Cade (Mark Wahlberg) is a penniless inventor and single father, overly protective of his teenage daughter Tessa (Nicola Peltz). Cade and his annoying sidekick Lucas (T J Miller) buy an old truck, which turns out to be Prime.
At a little under three hours, Age of Extinction makes absolutely no sense whatsoever. Each line of dialogue barely has any connection to the one before. This is most obvious in the CIA scenes, which seem like screenwriter Ehren Kruger has randomly picked lines out of a Tom Clancy novel. The Autobots’ banter is half-baked one liners, and everything Prime says sounds like something out of a fortune cookie.
There are also major problems with coherence and logic, as though the film was made by a bunch of people with Attention Deficit Disorder jacked up on Red Bull, racing to the next cool idea before finishing the previous one. We drop into fights which we didn’t see start, while other incidents fall off the page without a resolution. Characters disappear and reappear, and it is difficult to tell who is doing what and why.
Bay’s movies have received this type of criticism throughout his career. Critics love battering his films, although criticism is almost redundant – despite poor reviews, he is one of the highest grossing filmmakers of all time. Bay makes films for teens, his films make a ton of money, so who cares if middle-aged film critics don’t like them?
Age of Extinction is in two parts. The first plays like a parody of Michael Bay movies. The cars are fast and the girls are hot; sinister CIA agents wearing shades emerge from black jeeps in slow motion; Bay frames everyone from extreme low angles against big skies; the star-spangled banner flutters in almost every shot. Anything can explode at any time.
When the film reaches its natural conclusion, everyone goes to Hong Kong for another forty-minute battle. This second part feels tacked on, but is the film’s saving grace.
In Hong Kong, we’re ground level and the film bursts into life – the streets bustle with the noise, crud and confusion that makes cities great. Bay’s editors do a stunning job of blending human mayhem with eye-popping special effects. Suddenly the Transformers feel out-of-place in their own movie – the wisest decision Bay makes is giving the human characters plenty to do so they’re not just bystanders hiding from rampaging robots.
Every action sequence that pays off involves the humans. A dizzying rooftop chase and bruising hand-to-hand combat between Cade and CIA henchman Savoy (Titus Welliver); Joyce’s lithe, superhot assistant Sue (Li Bingbing) protecting the snivelling entrepreneur from goons in a lift; and Lockdown’s looming flying saucer uses its magnet to rain down cars and ships on the heroes.
It is bombastic and utterly bonkers, and I was pinned back in my seat, cheeks wobbling, as if strapped into the centrifugal device NASA use to to test trainee astronauts.
Tucci turns it into the Stanley Tucci show, not just stealing the film, but fencing it off and using the loot to buy the movie’s biggest laughs. There is plenty of one star material in Age of Extinction, but I can’t rate it in comparison to other movies in its genre.

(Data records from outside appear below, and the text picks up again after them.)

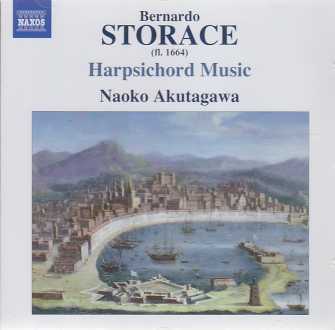 Bernardo Storace / Harpsichord Music // Naoko Akutagawa
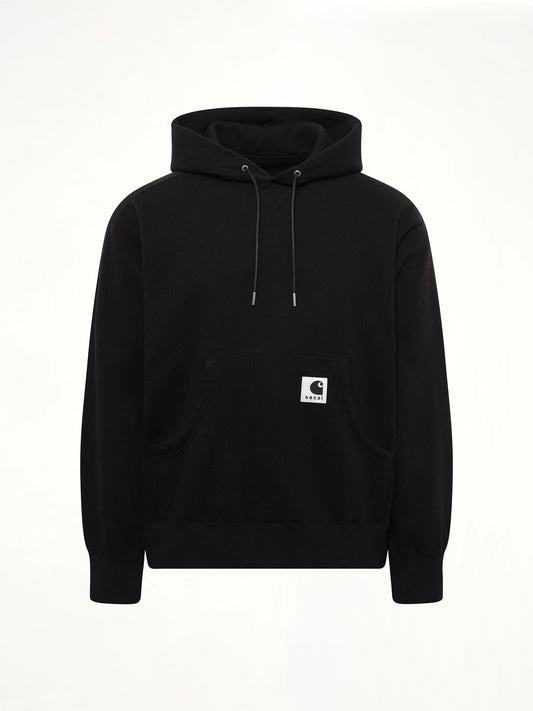 SACAI Carhartt WIP Cotton Jersey Hoodie (Black)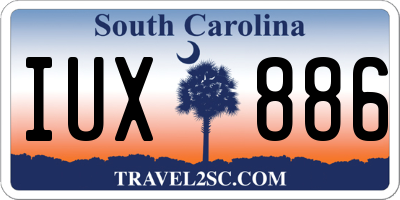 SC license plate IUX886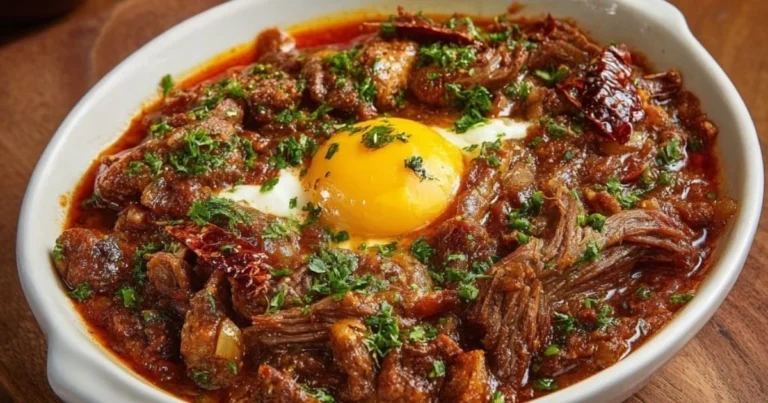 Easy & Flavorful Beef Shakshuka Recipe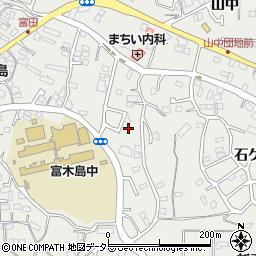愛知県東海市富木島町（勘七脇）周辺の地図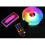 6Pcs Adjustable 120mm RGB Computer Cooling Fan With Controller 11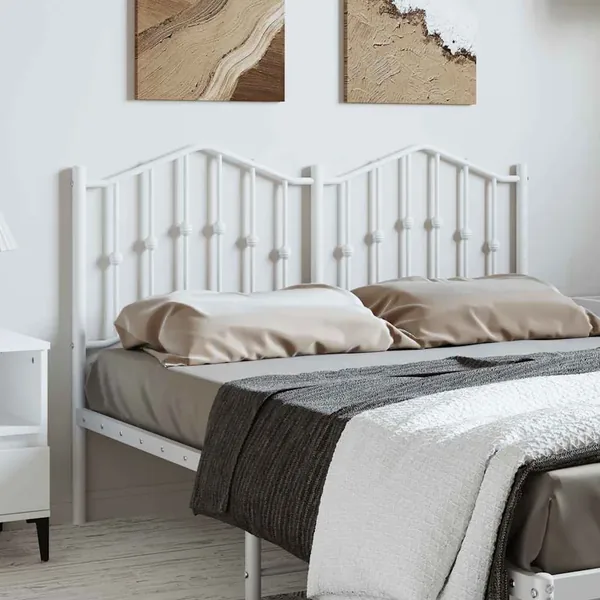 Tête de lit de remplacement métal blanc 150 cm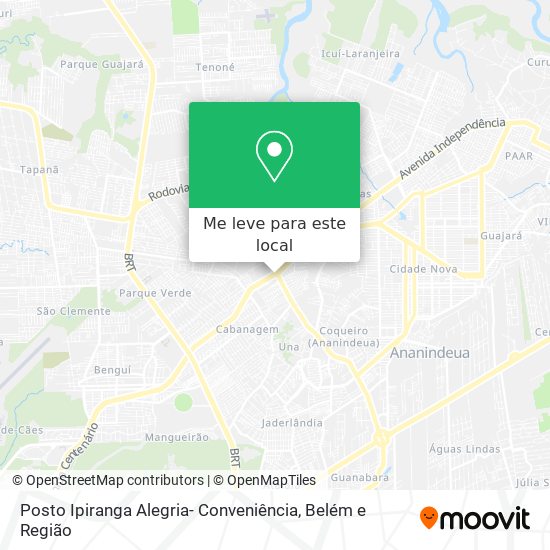 Posto Ipiranga  Alegria- Conveniência mapa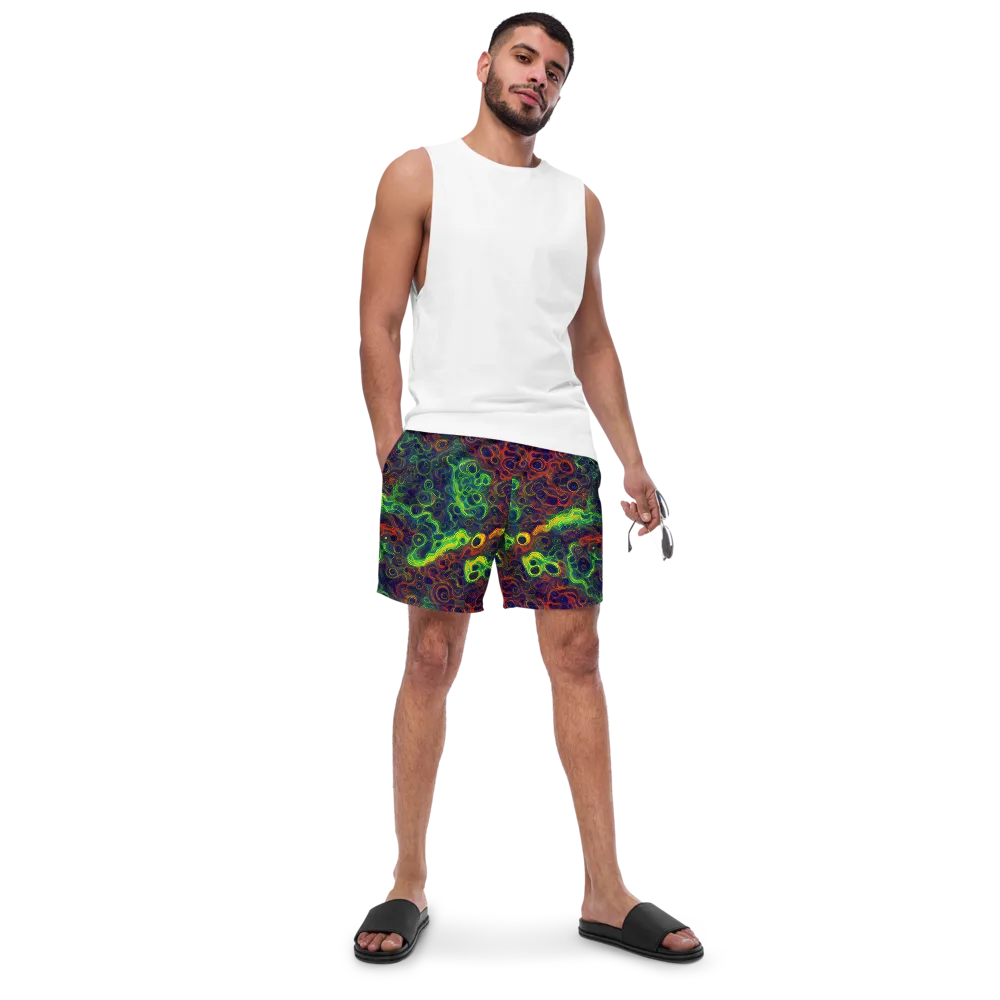 Cobalt Swirl on Swim Trunks — Front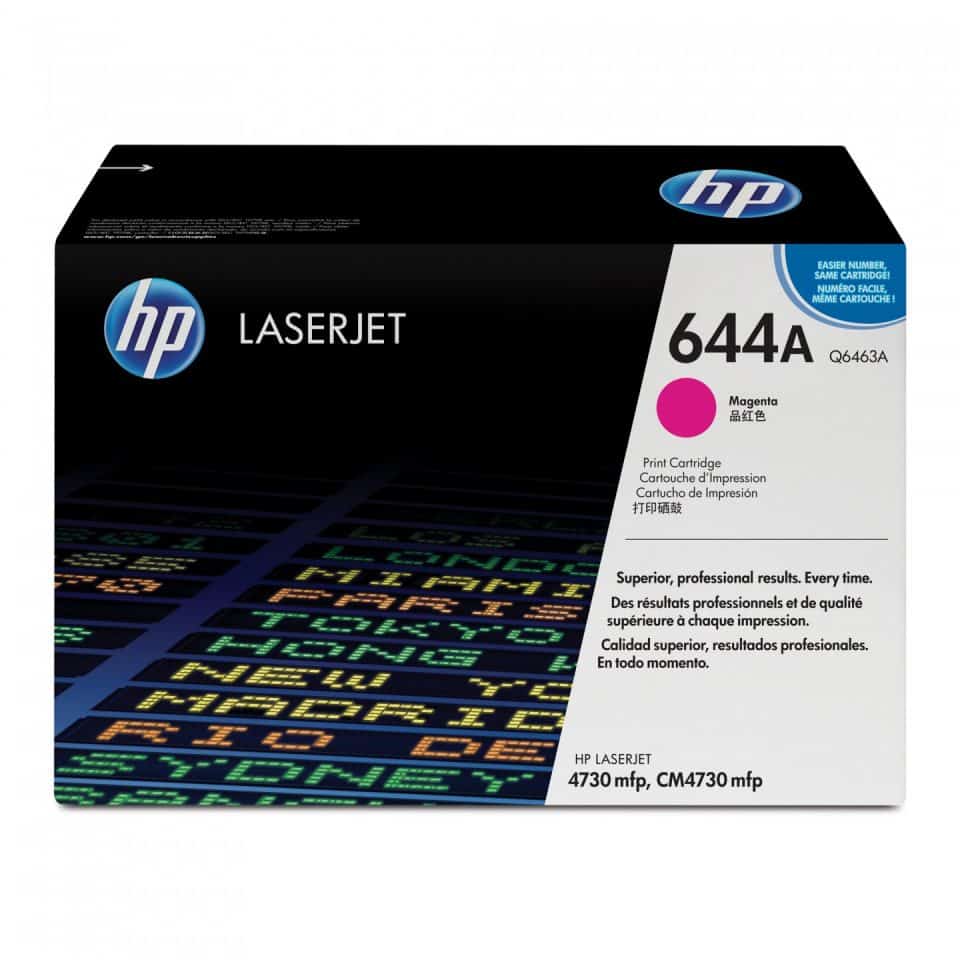 HP #644A Magenta Toner Q6463A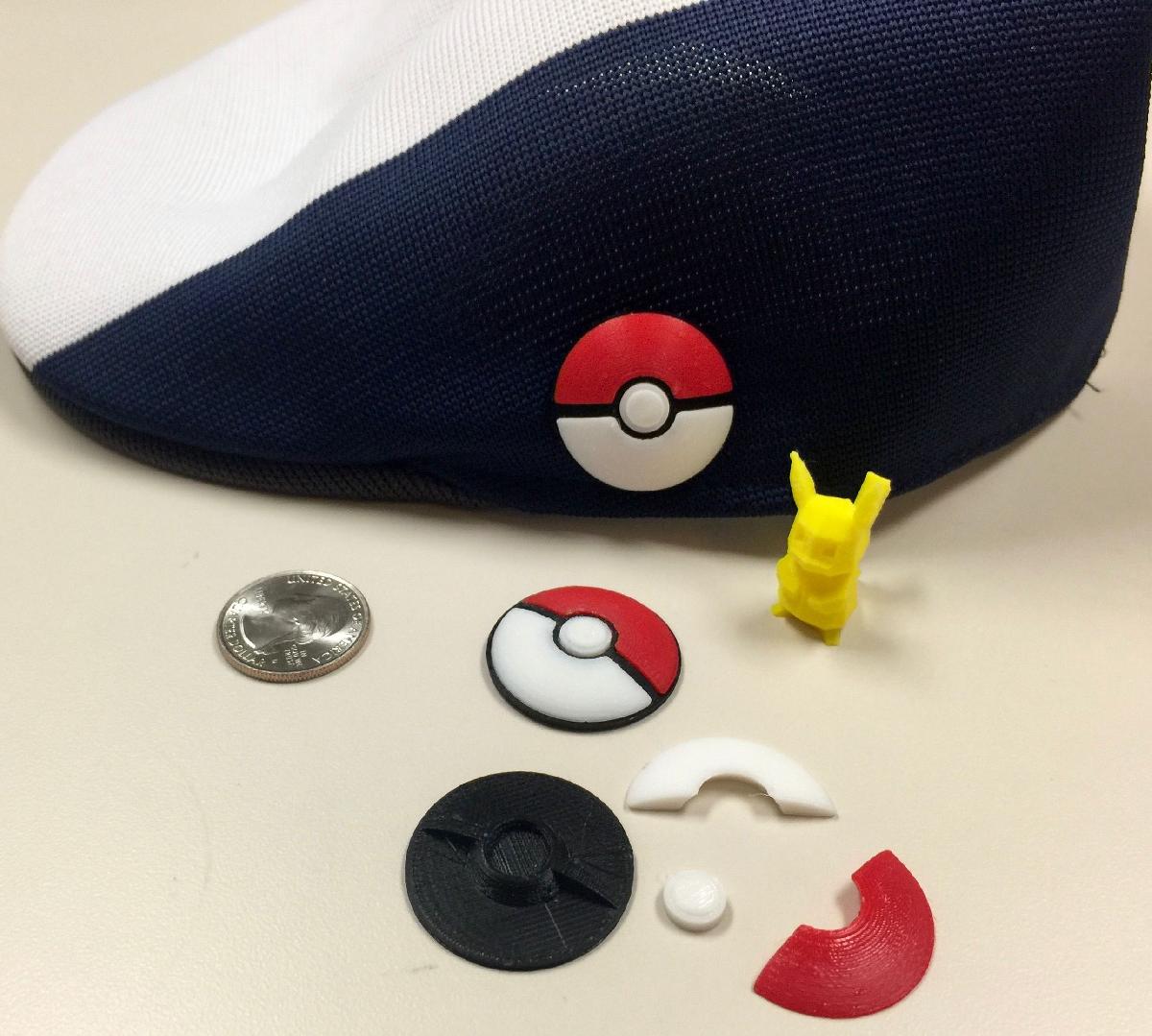 Emblema de Pokebola / Pin / Ima de Geladeira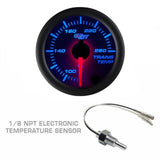 GlowShift Gauges GlowShift Gauges White 7 Color 3 Gauge Diesel Set - 60 PSI Boost, 1500° F Exhaust Gas Temperature & Transmission Temperature Gauges GS-W7-DS1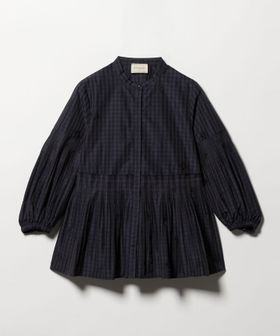 UNITED ARROWS/ギンガムチェック フラワー ジャガード ブラウス ‐ウォッシャブル‐/シャツ / ブラウス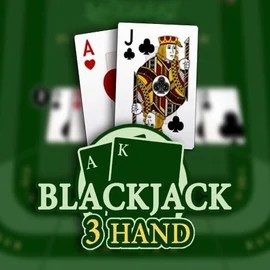 Blackjack 3H (Habanero) online game logo by Habanero on lizarocasinoo.nl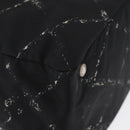 CHANEL Travel Line Tote Bag Nylon Black CC Auth 163298-15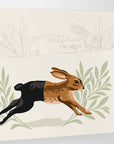 Running Hare | Modern Paint By Numbers Kit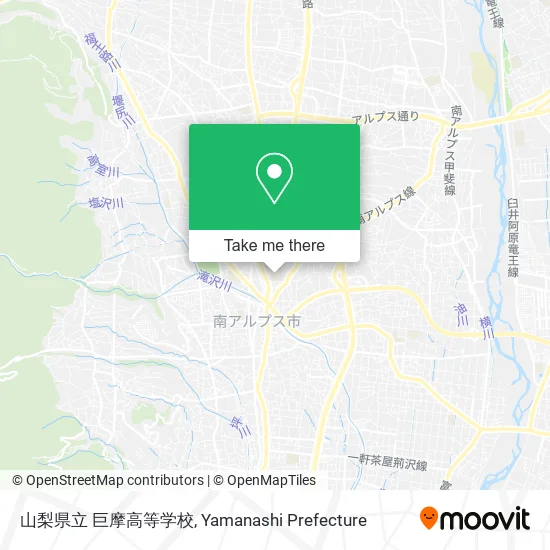 山梨県立 巨摩高等学校 map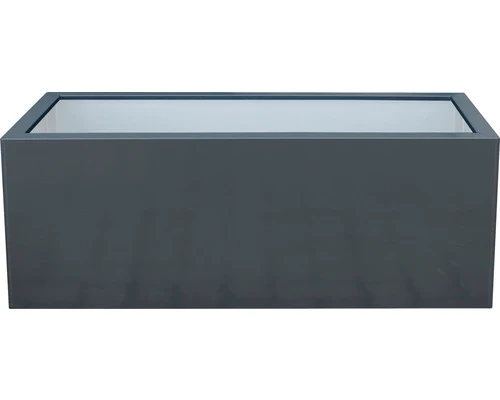B-Ware Palatino Pflanzkübel Pflanzgefäß Lotte 240l wetterfest anthrazit 120x40cm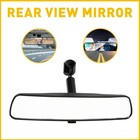 Universal HD Interior Rear View Car Truck Mirror Wide Angle Car Accessories 8"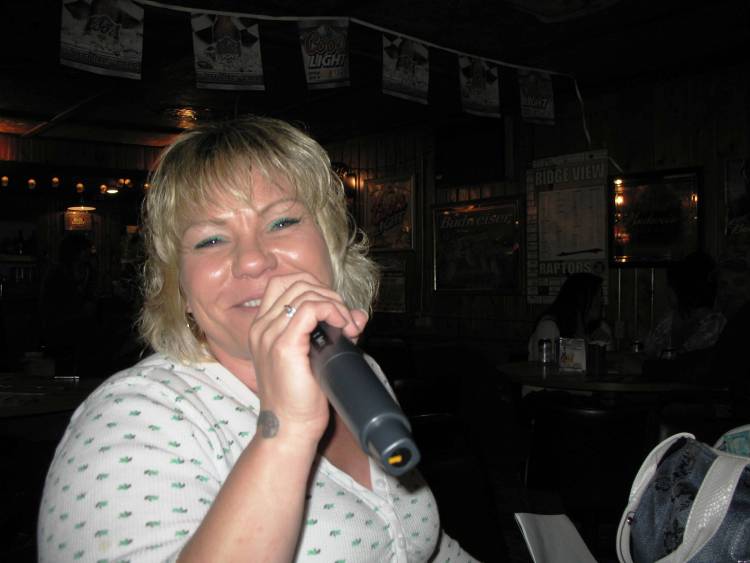 Karaoke night in Galva, iowa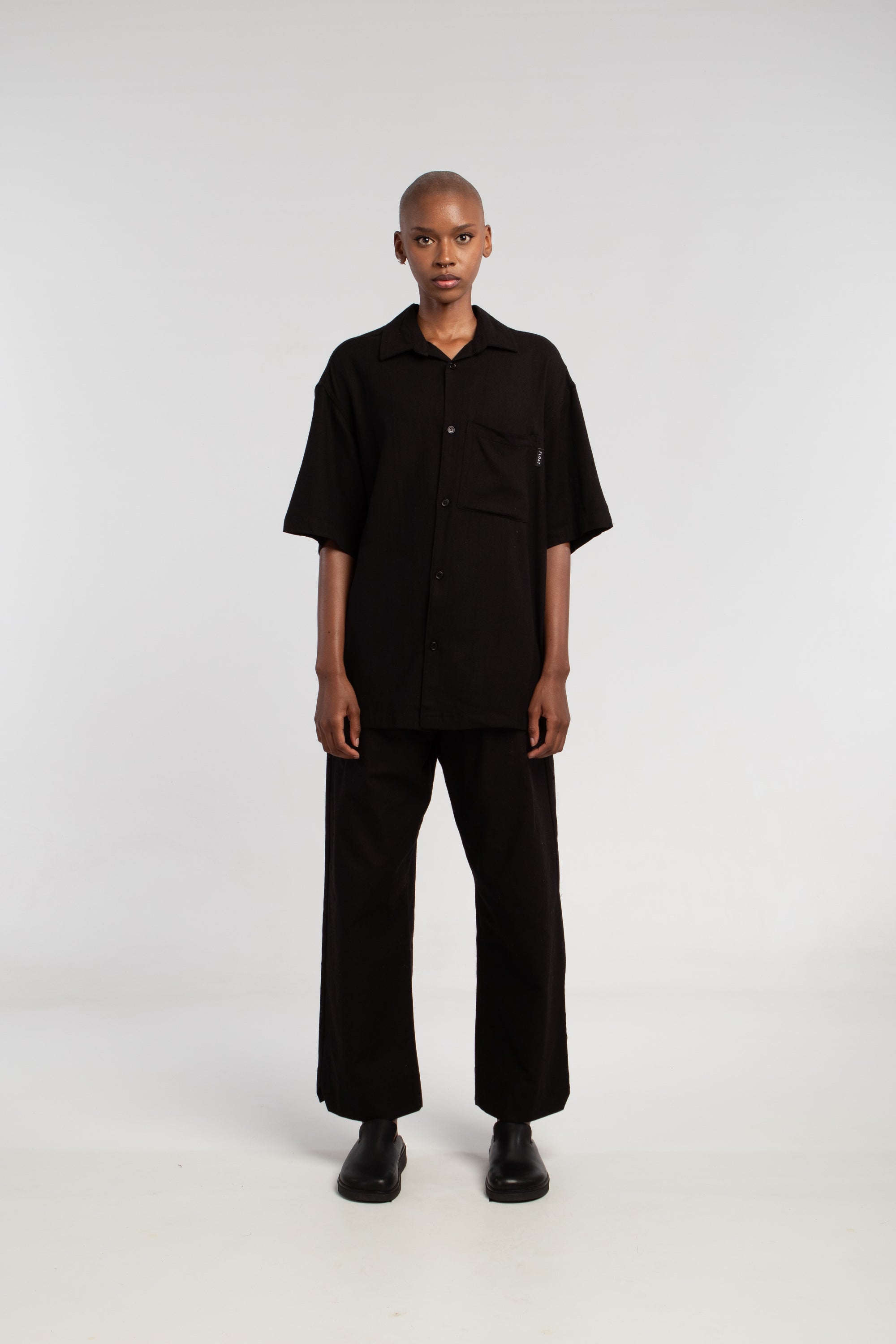 black summer shirt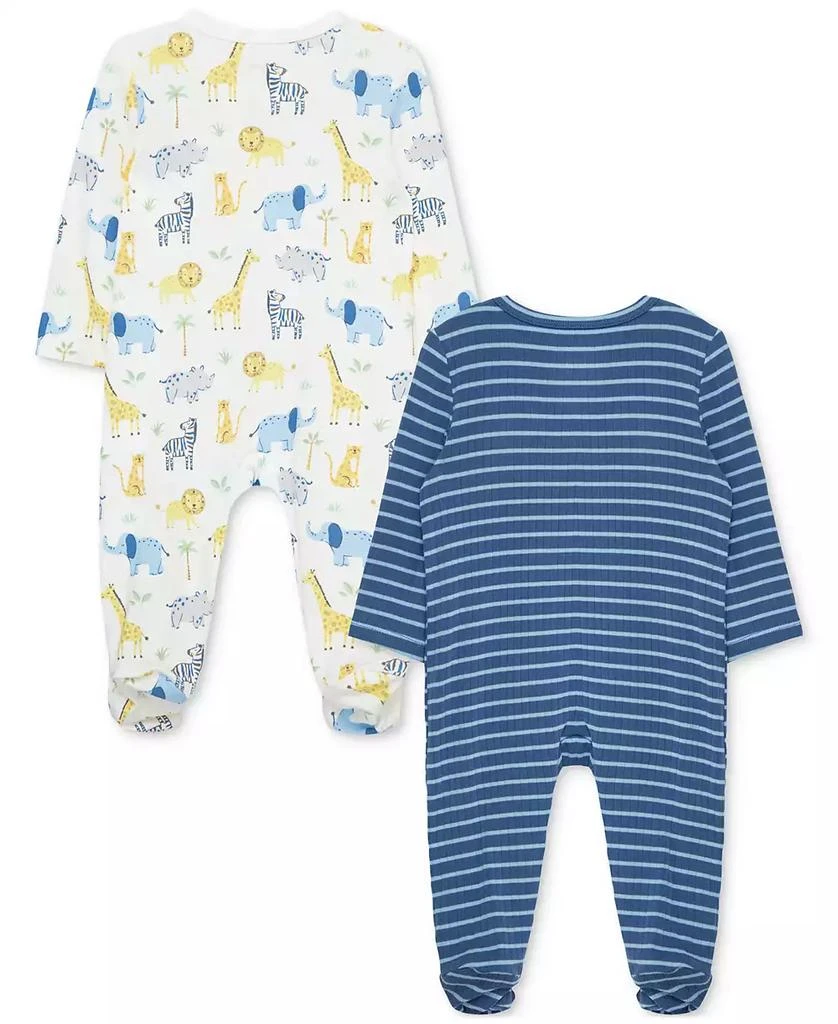 Little Me Baby Boys Jungle Fun Footed Coveralls, 2 Piece Set 2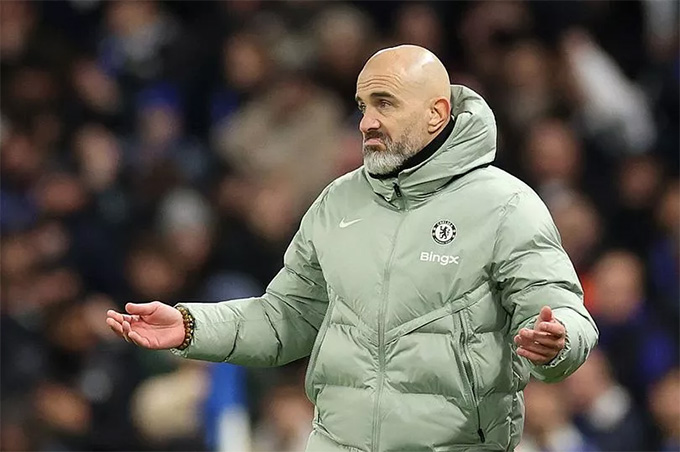 HLV Enzo Maresca của Chelsea lo lắng vì chấn thương của Estevao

Michael Bay has created his own genre, the “Michael Bay Movie”, and his films are uniquely bad, almost avant-garde in their basic disrespect for storytelling that it is only worth judging them on their own terms.
Having said that, when every other film these days is a superhero movie, I actually find Michael Bay’s weird vision strangely comforting. It is reassuring to think that once the caped crusaders and men of steel have retreated to the comic collections of the nerds, Bay will still be there, blowing stuff up just like back in the Nineties.